Karena kepribadian tidak hanya dibentuk oleh faktor kebudayaan saja. Bisa jadi
dalam suatu kelompok itu terdapat pula kepribadian yang berbeda-beda dari masing-masing
anggotanya, namun tetap ada satu kepribadian umum yang melekat pada diri mereka
masing-masing sebagai bagian dari pengaruh kuat kebudayaan itu tadi.
KEBUDAYAAN BARAT
Kebudayaan Barat Selain dari pengaruh budaya asing pada masa lampau, perkembangan pesat era globalisasi saat ini semakin menekan proses akulturasi budaya, terutama pengaruh budaya Barat. Berbagai informasi melalui media cetak dan elektronik dengan sentuhan kemajuan teknologi modern mempercepat akses pengetahuan tentang budaya lain. Membawa perubahan sampai ke tingkat dasar kehidupan manusia di Indonesia.
Sehingga tak dapat dipungkiri, peradaban yang lebih maju akan banyak mempengaruhi peradaban yang berkembang belakangan. Sebagaimana agresivitas budaya Barat yang terus berproses dinamis dan teruji berpengaruh pada peradaban lain, terutama peradaban timur. Secara umum, perubahan kebudayaan sekarang ini disebabkan oleh perjuangan HAM (Hak Asasi Manusia), pelestarian alam dan lingkungan hidup, serta tuntutan peningkatan kualitas hidup. Lebih dari itu, kehadiran budaya Barat seakan mendominasi dan selalu menjadi trend-centre masyarakat. Kebiasaan dan pola hidup orang barat seakan menjadi cermin kemodernan. Hal ini jelas mengikis prilaku dan tindakan seseorang.

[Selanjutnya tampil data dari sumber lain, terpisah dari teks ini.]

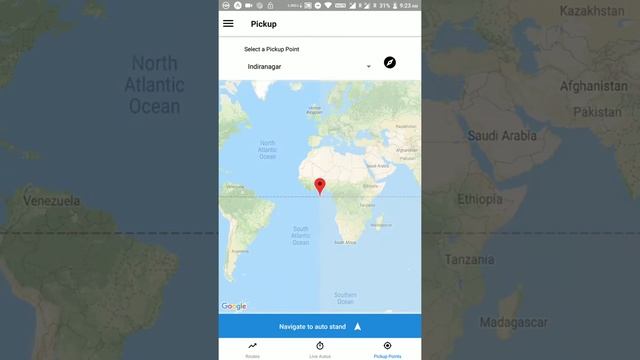 AutoConnect: Public transport on your fingertips (made with React Native, Redux) смотреть онлайн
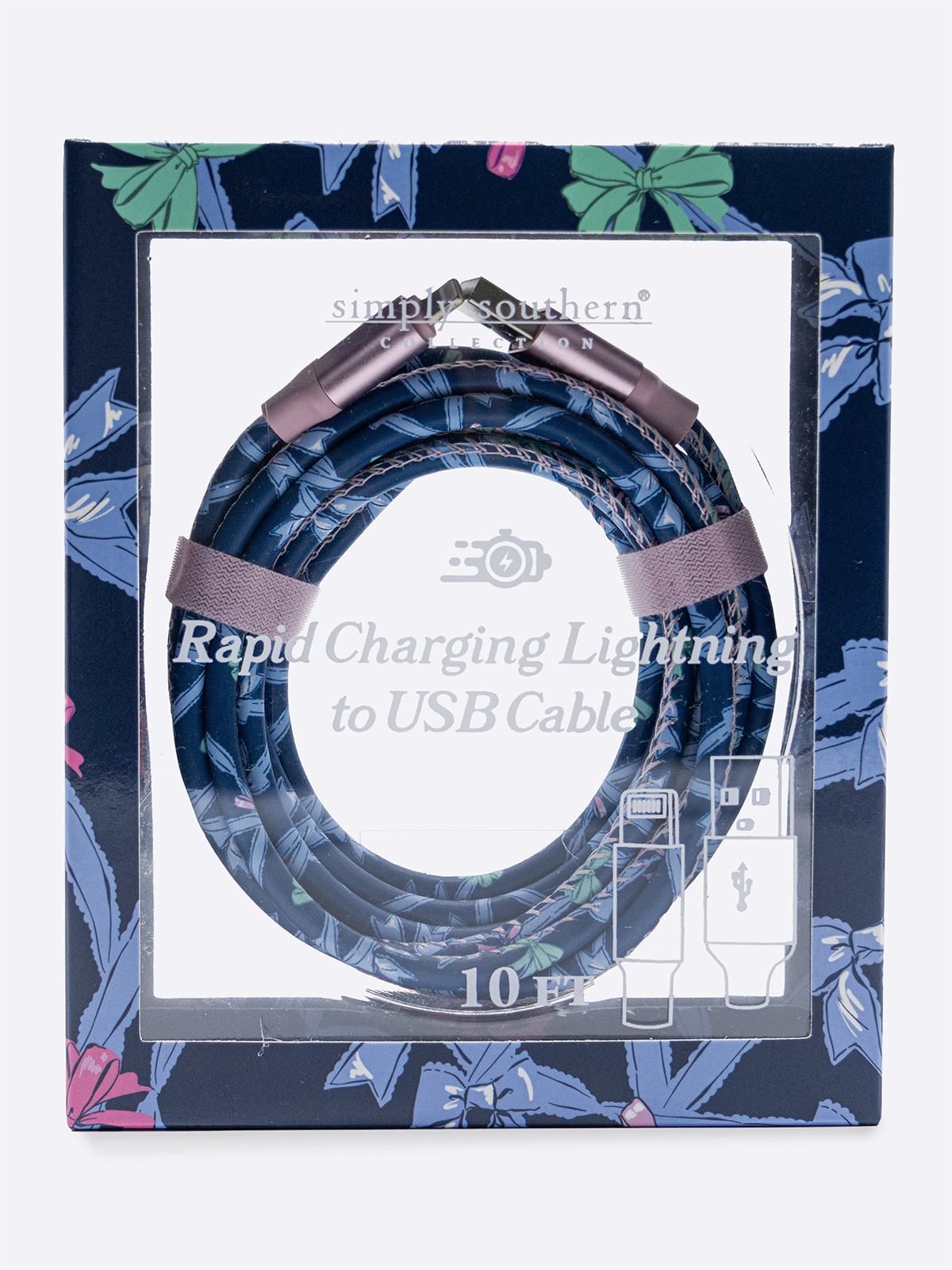 0225-TECH-CBL10-LGT-RBBN 0225-TECH-CBL10-LGT-RBBN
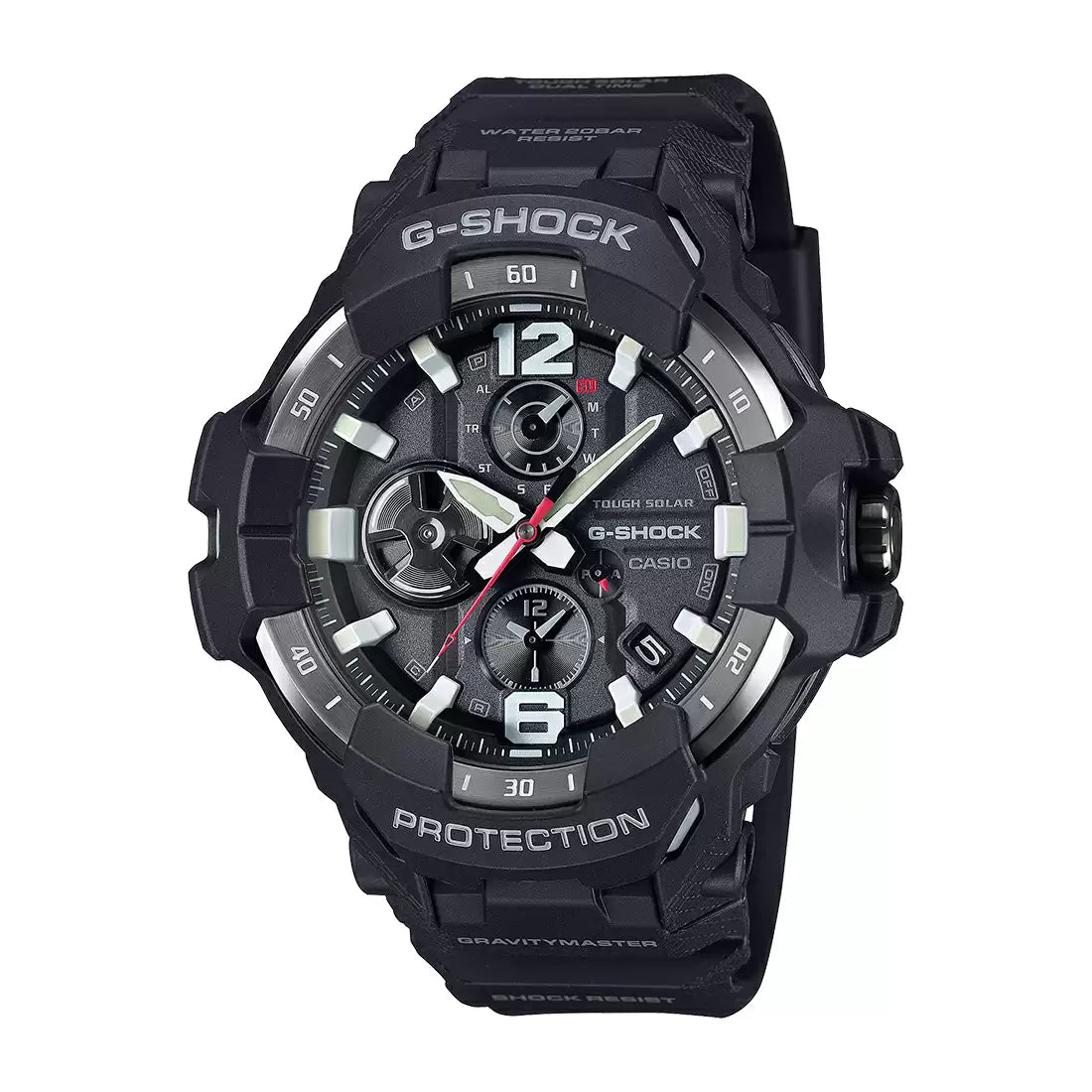 G1569 CASIO G Shock GR B300 1ADR Analog Digital Watch Men Sai Creations Watches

Pengaruh budaya Barat, dianggap sebagai ciri khas kemajuan dalam ekspresi kebudayaan kekinian. Padahal belum tentu sesuai dengan kebutuhan situasi dan kondisi masyarakat sendiri. Keadaan ini terus mengikis budaya dan kearifan lokal yang menjadi warisan kebudayaan masyarakat nusantara. Nilai tradisional masyarakat perlahan mengalami kepunahan, tak mampu bersaing dengan derasnya publikasi budaya modern dalam konteks pergaulan masyarakat. Beberapa dampak yang dirasakan adalah dengan menurunnya rasa sosial dan tenggang rasa masyarakat, mengikisnya semangat kebhinekaan yang mengarah pada disintegrasi bangsa dan pelanggaran hukum, dan pola hidup individualisme dan konsumerisme yang bertentangan dengan sikap hidup sederhana. Kebebasan dan kesenangan hidup masyarakat Barat tidak selamanya positif. Banyak kalangan remaja yang sedang mencari jati diri tergusur oleh tren-tren yang tak henti diiklankan sebagai suatu gaya hidup yang menyenangkan dan mendunia. Banyak norma-norma masyarakat pribumi di Indonesia yang terkikis dalam keseharian generasi mudanya.
Padahal sejatinya, kebudayaan timur yang jauh lebih baik dari kebudayaan barata patut dipertahankan. Melihat dan mempelajari bagaimana kebudayaan mengatur setiap titik kehidupan manusia sehingga menciptakan kehidupan yang beradab. Jadi disini, mari kita lihat perbandingan antara kebudayaan barat dan kebudayaan timur.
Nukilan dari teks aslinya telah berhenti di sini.